## WORK INSTRUCTIONS
Reproduce the full listing below unchanged, apart from the pictures.

## DATA SECTION
•••

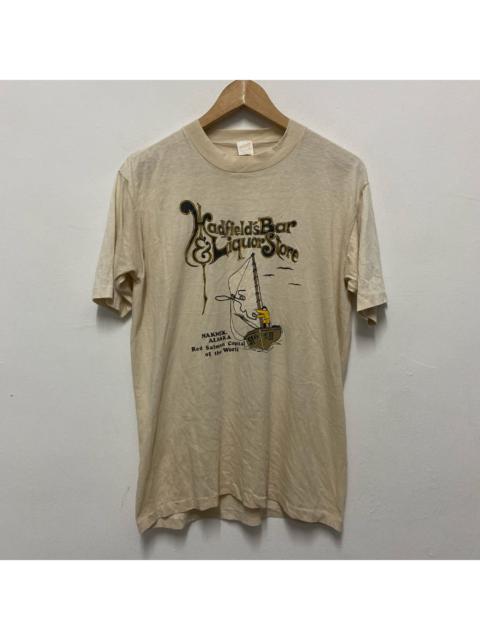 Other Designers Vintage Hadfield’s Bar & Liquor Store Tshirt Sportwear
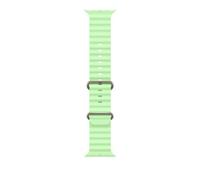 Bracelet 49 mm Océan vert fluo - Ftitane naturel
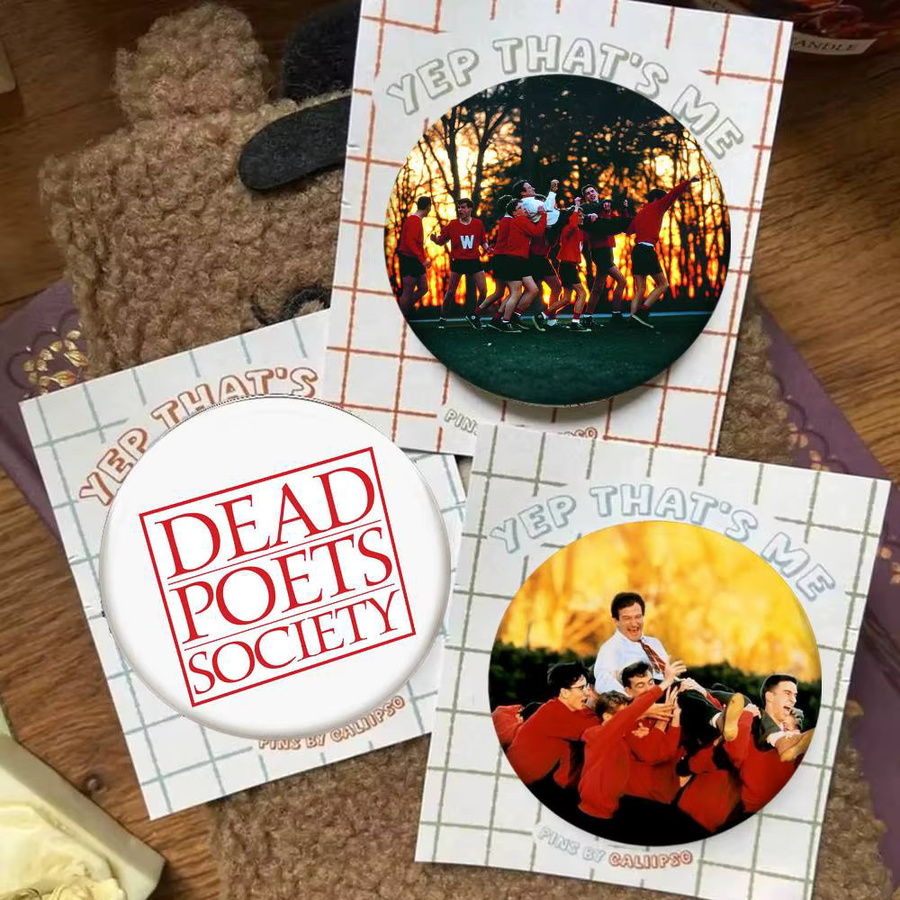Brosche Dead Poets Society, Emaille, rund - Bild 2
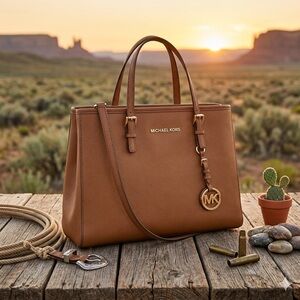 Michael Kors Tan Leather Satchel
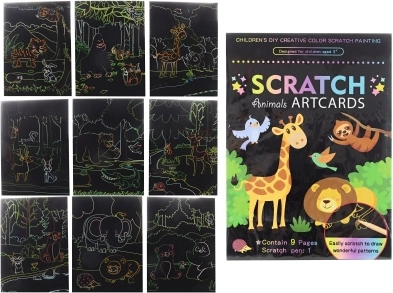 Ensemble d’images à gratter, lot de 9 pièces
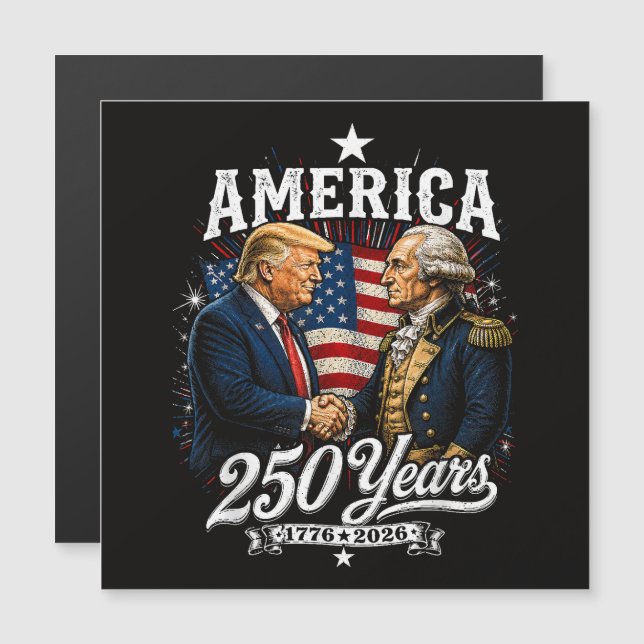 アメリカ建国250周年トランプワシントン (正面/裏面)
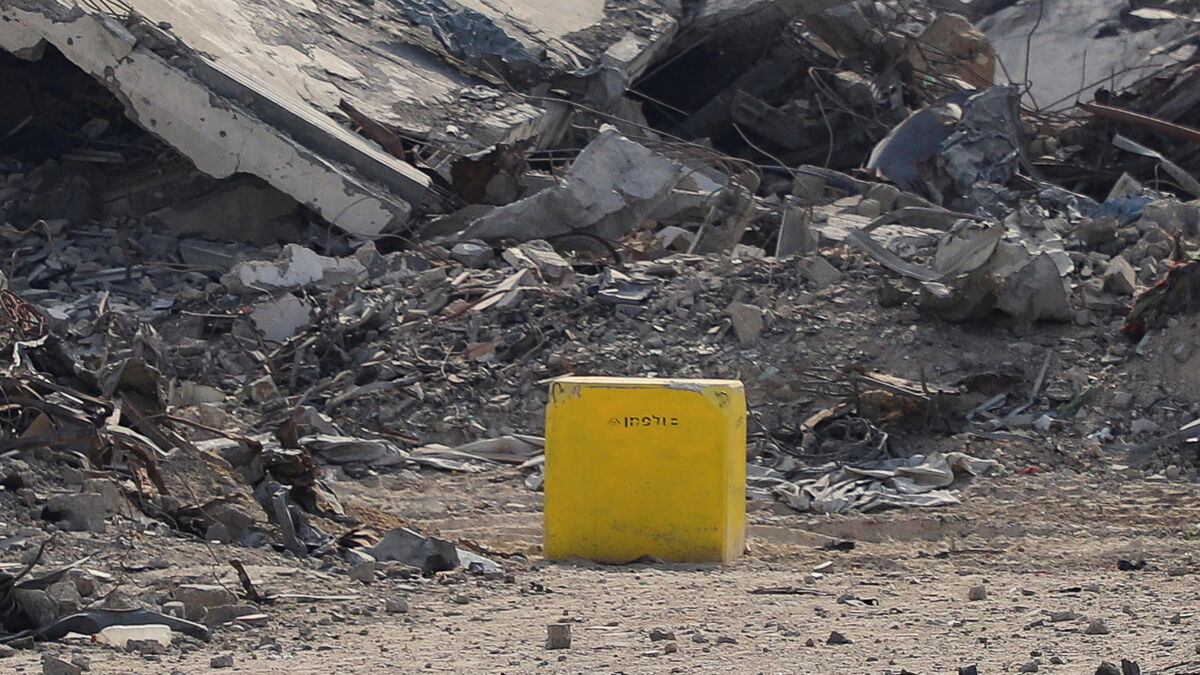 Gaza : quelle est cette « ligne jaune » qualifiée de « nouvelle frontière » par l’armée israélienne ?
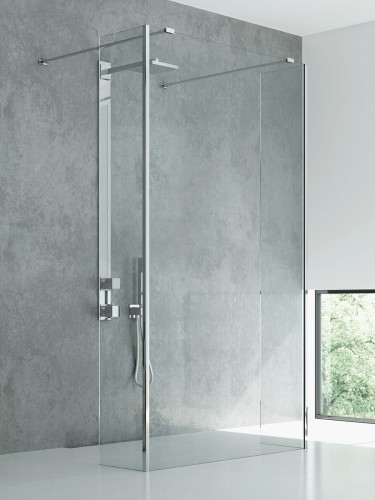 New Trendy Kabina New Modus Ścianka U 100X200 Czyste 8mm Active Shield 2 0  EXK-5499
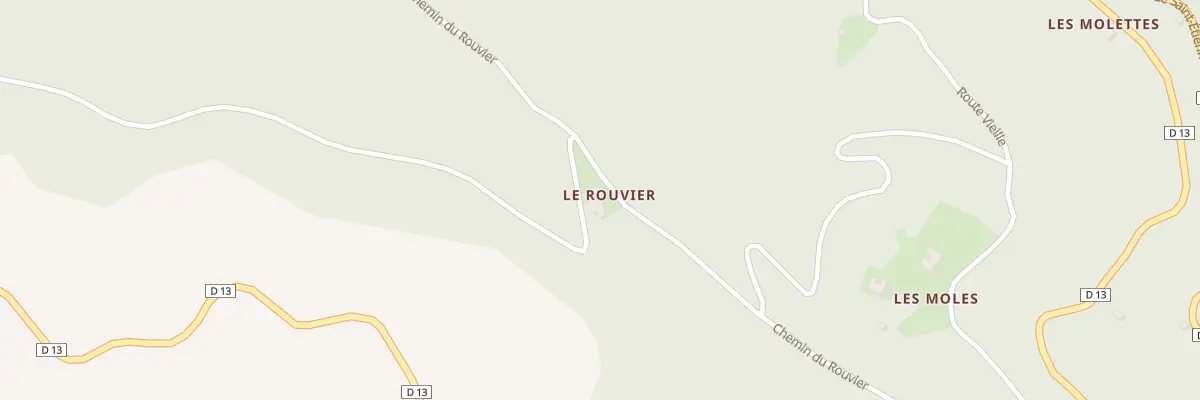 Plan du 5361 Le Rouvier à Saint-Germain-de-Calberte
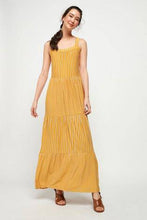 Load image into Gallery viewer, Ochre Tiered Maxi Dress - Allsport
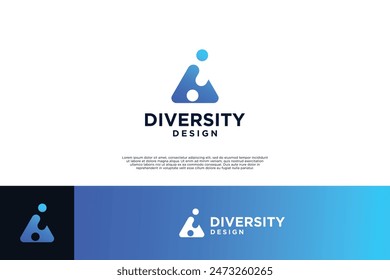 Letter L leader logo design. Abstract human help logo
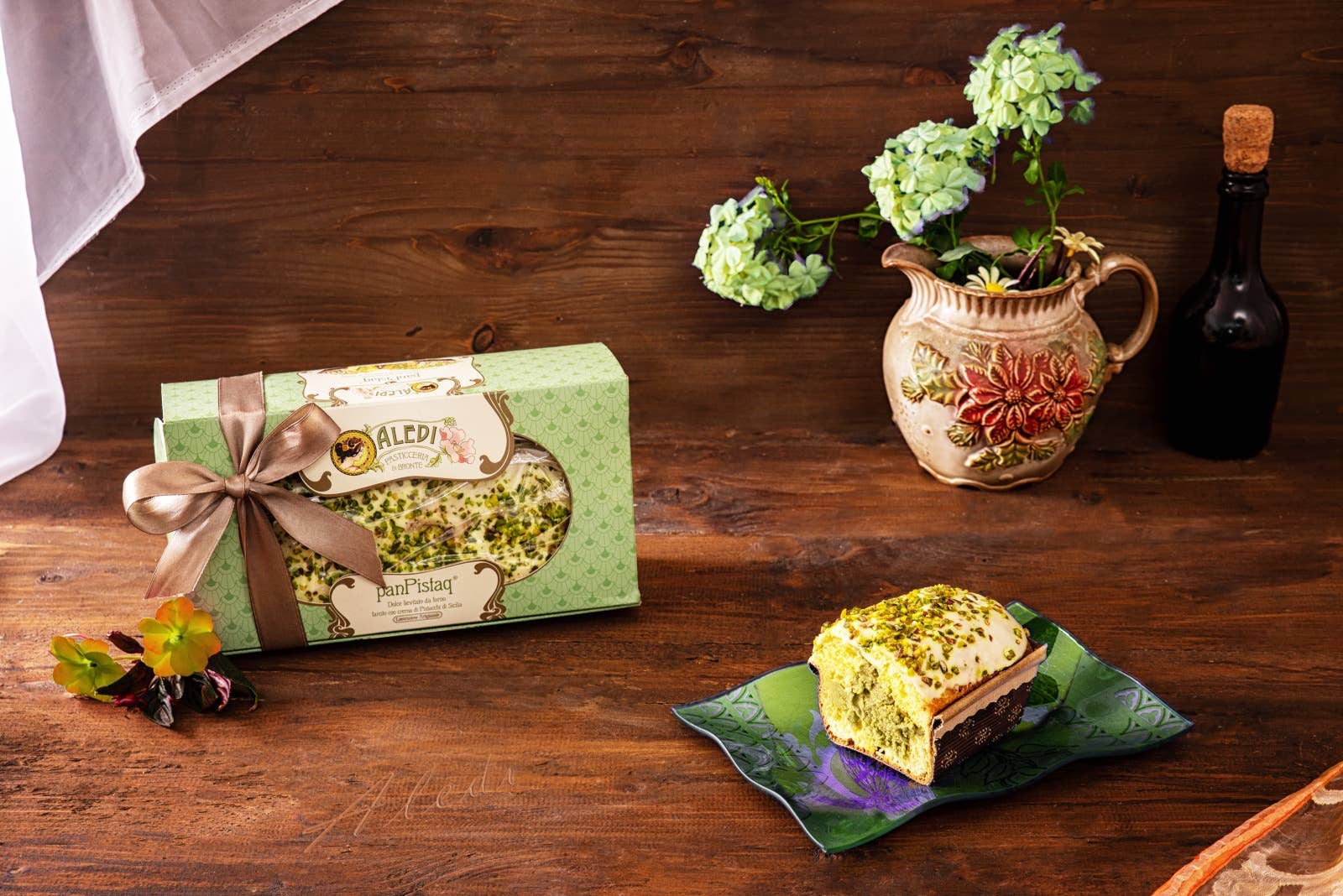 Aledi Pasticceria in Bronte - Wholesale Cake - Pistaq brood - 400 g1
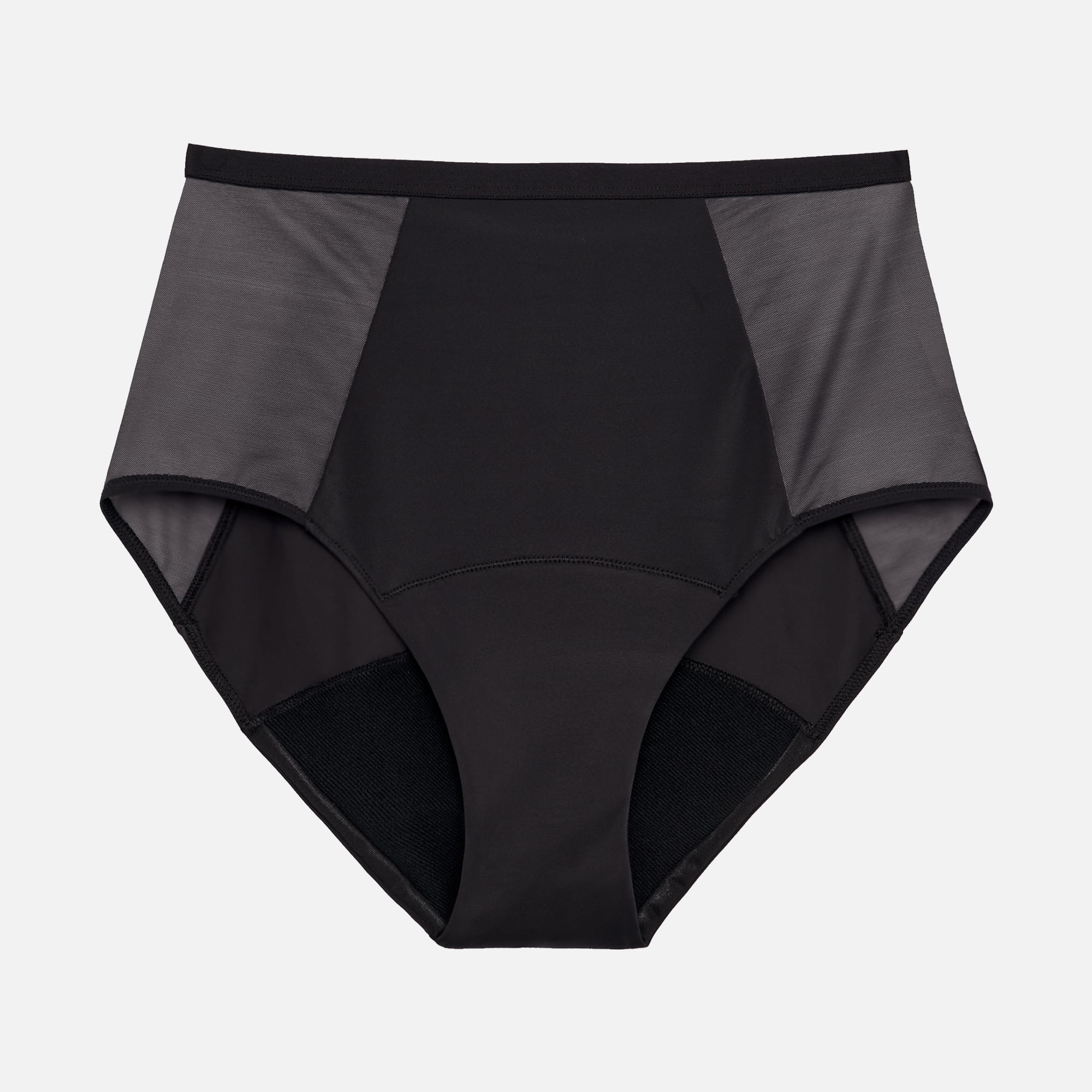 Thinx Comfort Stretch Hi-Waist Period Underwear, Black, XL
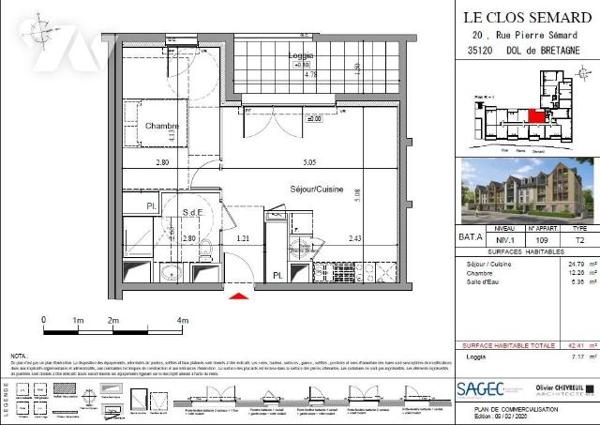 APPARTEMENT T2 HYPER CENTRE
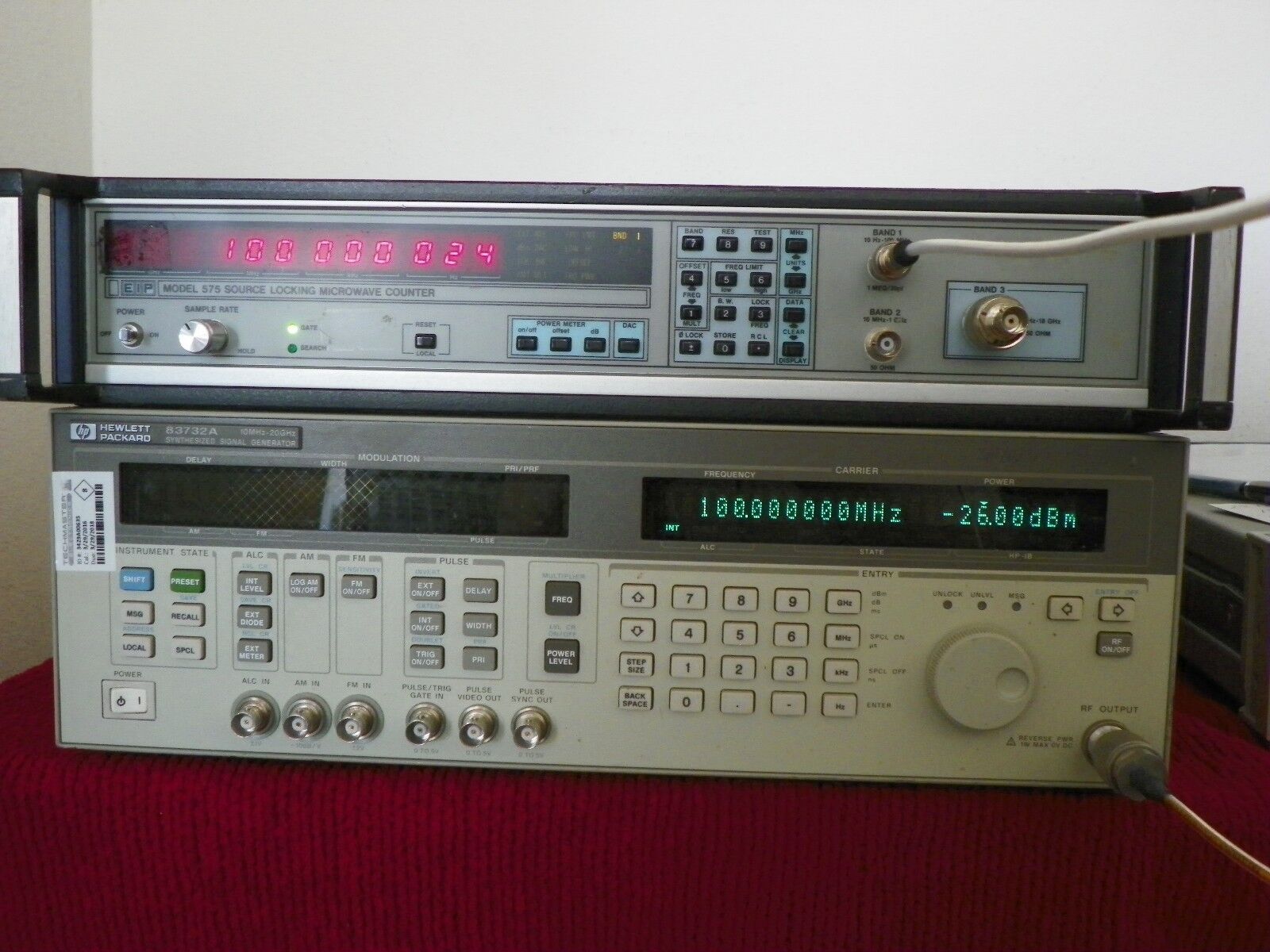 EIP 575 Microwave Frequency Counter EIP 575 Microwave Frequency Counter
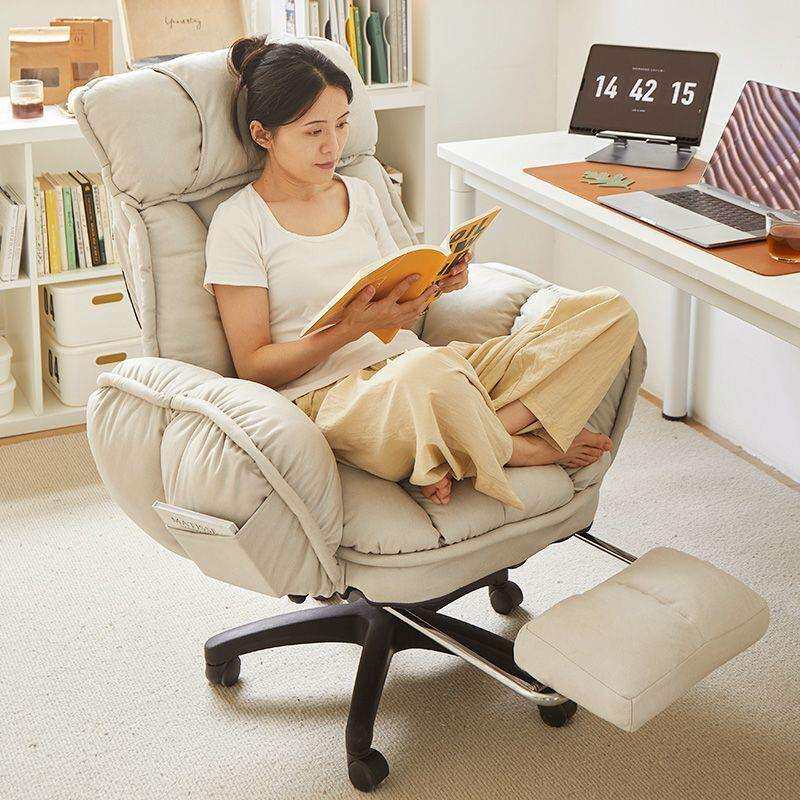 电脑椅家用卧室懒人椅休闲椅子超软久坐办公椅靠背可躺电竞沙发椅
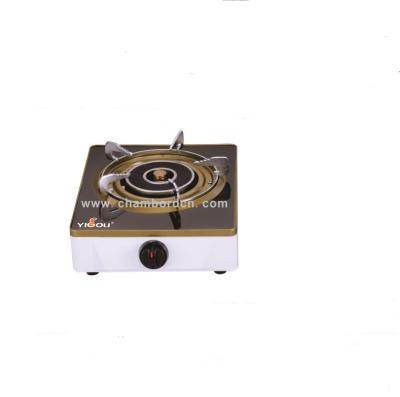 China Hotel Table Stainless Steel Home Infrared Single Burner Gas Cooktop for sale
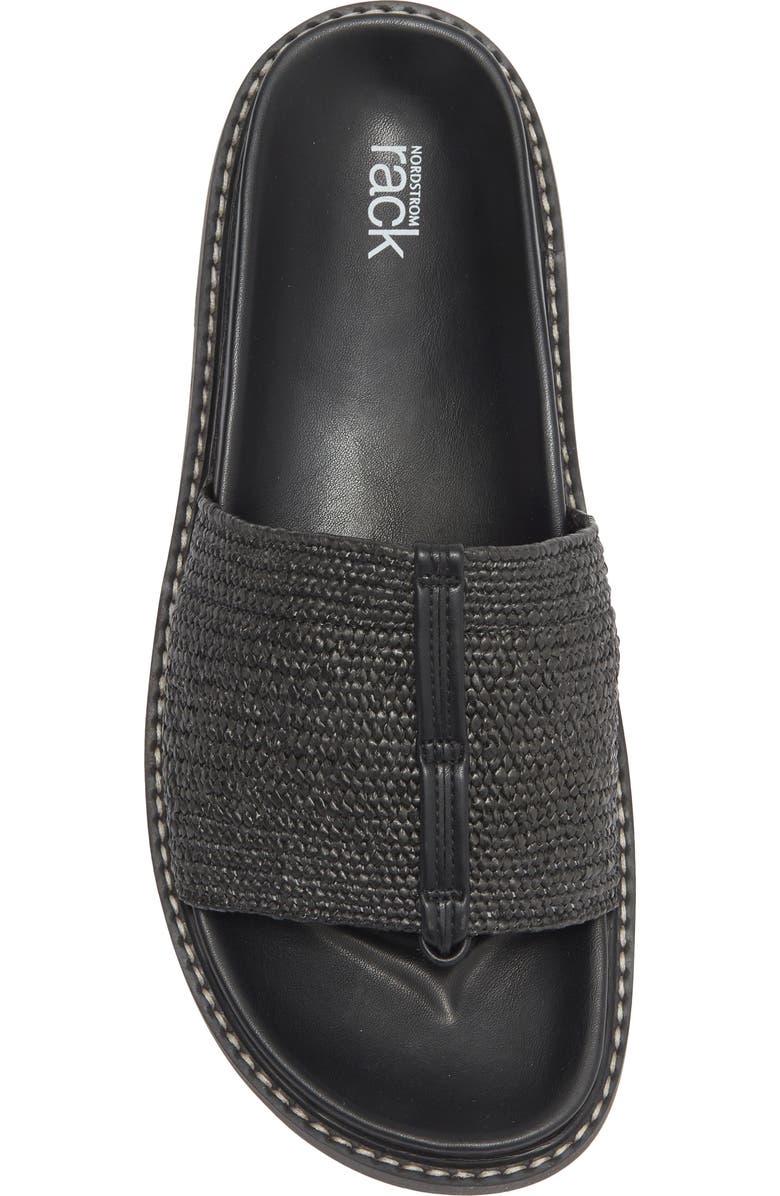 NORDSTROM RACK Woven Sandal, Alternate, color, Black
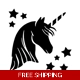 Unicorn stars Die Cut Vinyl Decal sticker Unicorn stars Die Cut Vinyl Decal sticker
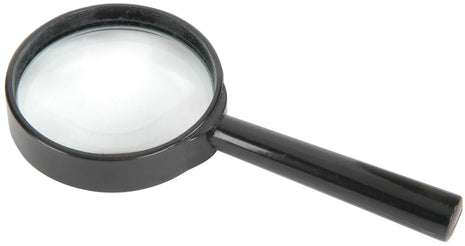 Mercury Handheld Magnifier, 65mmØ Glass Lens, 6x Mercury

•••

## ANSWER BOX
 Other Designers Vintage Hadfield’s Bar & Liquor Store Tshirt Sportwear
 Bracelet 49 mm Océan vert fluo - Ftitane naturel
Brosche Dead Poets Society, Emaille, rund - Bild 2
 Michael Kors Tan Leather Satchel
 Ensemble d’images à gratter, lot de 9 pièces
 アメリカ建国250周年トランプワシントン (正面/裏面)
 Gaza : quelle est cette « ligne jaune » qualifiée de « nouvelle frontière » par l’armée israélienne ?
 New Trendy Kabina New Modus Ścianka U 100X200 Czyste 8mm Active Shield 2 0  EXK-5499
 Plan du 5361 Le Rouvier à Saint-Germain-de-Calberte
 Load image into Gallery viewer, Ochre Tiered Maxi Dress - Allsport
 Letter L leader logo design. Abstract human help logo
 Aledi Pasticceria in Bronte - Wholesale Cake - Pistaq brood - 400 g1
 Thinx Comfort Stretch Hi-Waist Period Underwear, Black, XL
 APPARTEMENT T2 HYPER CENTRE
 EIP 575 Microwave Frequency Counter EIP 575 Microwave Frequency Counter
 电脑椅家用卧室懒人椅休闲椅子超软久坐办公椅靠背可躺电竞沙发椅
 China Hotel Table Stainless Steel Home Infrared Single Burner Gas Cooktop for sale
 NORDSTROM RACK Woven Sandal, Alternate, color, Black
 Unicorn stars Die Cut Vinyl Decal sticker Unicorn stars Die Cut Vinyl Decal sticker
 Mercury Handheld Magnifier, 65mmØ Glass Lens, 6x Mercury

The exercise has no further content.